Die Prozesse gegen die Täter von Majdanek verlaufen dagegen schleppend. Zwar werden im ersten Prozess in Lublin 1944 sechs Angeklagte vor ein Sonderstrafgericht gestellt und zum Tode verurteilt. Bis die Verbrechen allerdings in Westdeutschland juristisch aufgearbeitet werden, vergehen drei Jahrzehnte. Von 1975 bis 1981 stehen sechs Aufseherinnen, ein Lagerarzt sowie neun Mitglieder der SS-Wachmannschaft in Düsseldorf vor Gericht, in einem der längsten und aufwändigsten Verfahren der deutschen Justizgeschichte.

Doch nur die Aufseherin Hermine Braunsteiner-Ryan wird zu lebenslanger Haft verurteilt. Sieben weitere Angeklagte erhalten Haftstrafen von drei bis zwölf Jahren, der Rest wird freigesprochen. "Ein Teil der Angeklagten ist schon verhandlungsunfähig, man hat einfach zu lange gewartet. Außerdem haben wir das deutsche Rechtssystem, das damals den Nachweis eines individuellen Mordes verlangt. Und der ist schwer zu führen, weil man natürlich einen Zeugen braucht, der sagt, ich habe genau gesehen, wie dieser Mensch einen anderen Häftling getötet hat", sagt Stephan Lehnstaedt.

Schwarz-Weiß Bild mit zwei Männern und einer Frau
Hermine Braunsteiner-Ryan mit ihren Anwälten. Sie zeigte vor Gericht keine Reue und wurde 1996 mit 77 Jahren begnadigtBild: picture-alliance / dpa

Fokussierung der NS-Erinnerung auf Auschwitz

Der Historiker kritisiert, dass Majdanek vielen Deutschen auch 80 Jahre nach der Befreiung kein Begriff sei. Vernichtungslager in Polen wären in Deutschland grundsätzlich nicht sehr bekannt, mit einer Ausnahme: Auschwitz. Die Medien verstärkten dies, mit ihrer Fokussierung auf das 400 Kilometer südwestlich gelegene größte Vernichtungslager der Nationalsozialisten.

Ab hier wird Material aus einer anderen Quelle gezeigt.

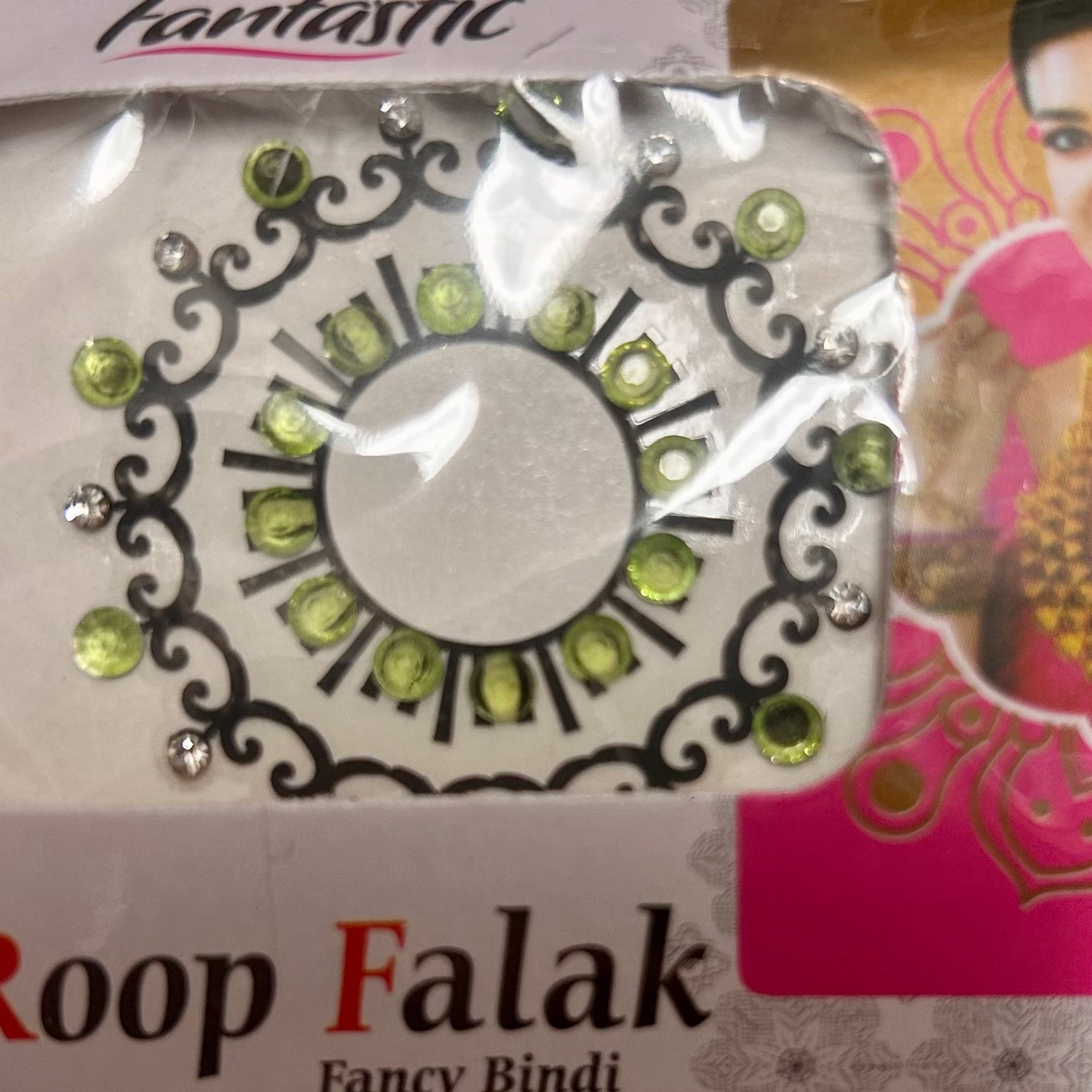 Bindi rund till tex navel/ arm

"Unser deutsches Gedenken ist sehr stark auf den Holocaust und auf Auschwitz fixiert. Wenn sich deutsche Besuchergruppen auf den langen Weg nach Polen machen, dann fahren sie in aller Regel nach Auschwitz. Majdanek wie jede andere polnische Gedenkstätte auch steht einfach stark im Schatten von Auschwitz."

Mann mit Brille und Mikrofon in der einen Hand
"In Polen gab es ein ganzes Netz von Lagern, in denen Menschen ermordet und gequält wurden" - Stephan LehnstaedtBild: privat

Der stellvertretende Direktor des staatlichen Museums Majdanek, Wieslaw Wysok, erzählt, dass zu den Gedenkfeiern zum 80. Jahrestag auch ehemalige Häftlinge kommen werden - Überlebende, die damals Kleinkinder waren. Gemeinsam werde in diesen Tagen Zeugnis abgelegt, die Opfer nicht zu vergessen. Die Botschaft der Ermordeten und Überlebenden von Majdanek sei folgende:

"Auf dem Mausoleum-Denkmal, wo die Asche der Ermordeten beigesetzt wurde, steht ein Satz geschrieben: 'Unser Schicksal eine Mahnung für Euch'. Auch nach 80 Jahren ist dies aktuell, denn sie bitten nicht nur um das Gedenken an die unschuldigen Opfer. Sie bitten noch um die Erinnerung an ihren Kampf um die Bewahrung ihrer Menschlichkeit unter unmenschlichsten Bedingungen. Und dass wir aus ihrer Erfahrung lernen."